One minute a recruiter is posting a role on LinkedIn. The next, they are messaging someone who is not even looking. Then they are speaking to a hiring manager, reviewing CVs, arranging interviews and trying to work out who is actually right for the job.
So, how do recruiters usually work?
Let’s clear it up.
Most recruiters are hired by companies to help them fill specific roles.
That means their main client is usually the company, not the candidate. The company has a role to fill, a problem to solve and a team that needs support. The recruiter is brought in to help find the right person.
That does not mean candidates do not matter. Good recruiters care deeply about candidates. They know that careers are personal, and that a job move can affect confidence, money, family life, wellbeing and future growth.
At RecruitHer, we believe recruitment should work for both sides. Companies need strong, diverse talent. Candidates need clarity, respect and proper choice. Nobody should feel like a CV being pushed around a spreadsheet.
Recruiters do not just post a job and wait.
Sometimes, yes, a recruiter will advertise a role and candidates will apply. This is common, and it can work well, especially when the job title is clear and the market is active.

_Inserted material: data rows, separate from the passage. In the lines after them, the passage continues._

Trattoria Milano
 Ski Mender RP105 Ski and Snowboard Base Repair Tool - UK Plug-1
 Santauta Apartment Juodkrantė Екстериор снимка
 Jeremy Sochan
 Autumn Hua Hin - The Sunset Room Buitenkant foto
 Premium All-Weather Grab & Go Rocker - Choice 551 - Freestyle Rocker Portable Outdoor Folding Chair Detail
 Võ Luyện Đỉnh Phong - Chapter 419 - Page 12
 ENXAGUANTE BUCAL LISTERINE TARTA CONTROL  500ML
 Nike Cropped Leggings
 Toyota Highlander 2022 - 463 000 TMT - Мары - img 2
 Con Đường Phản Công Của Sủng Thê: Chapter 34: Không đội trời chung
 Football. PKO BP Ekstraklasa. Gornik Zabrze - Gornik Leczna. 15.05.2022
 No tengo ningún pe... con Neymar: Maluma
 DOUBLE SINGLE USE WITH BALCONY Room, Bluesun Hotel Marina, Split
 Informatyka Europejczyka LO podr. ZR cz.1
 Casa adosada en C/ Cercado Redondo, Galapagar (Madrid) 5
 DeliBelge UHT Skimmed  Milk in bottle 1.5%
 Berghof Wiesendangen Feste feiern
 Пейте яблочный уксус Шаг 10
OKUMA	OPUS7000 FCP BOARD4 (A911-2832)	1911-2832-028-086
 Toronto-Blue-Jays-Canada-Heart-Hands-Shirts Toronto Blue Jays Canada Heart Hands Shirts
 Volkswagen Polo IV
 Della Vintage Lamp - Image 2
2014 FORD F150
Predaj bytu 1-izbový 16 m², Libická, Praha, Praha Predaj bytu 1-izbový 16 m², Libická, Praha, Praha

But recruiters also use their networks.
That might include people they have spoken to before, candidates they have placed before, referrals from trusted contacts or people they know are strong in a certain area.
This network changes all the time. People move jobs. People become available. People take a break. People decide they are open to a chat after six months of being very much not open to a chat. Careers are rarely tidy.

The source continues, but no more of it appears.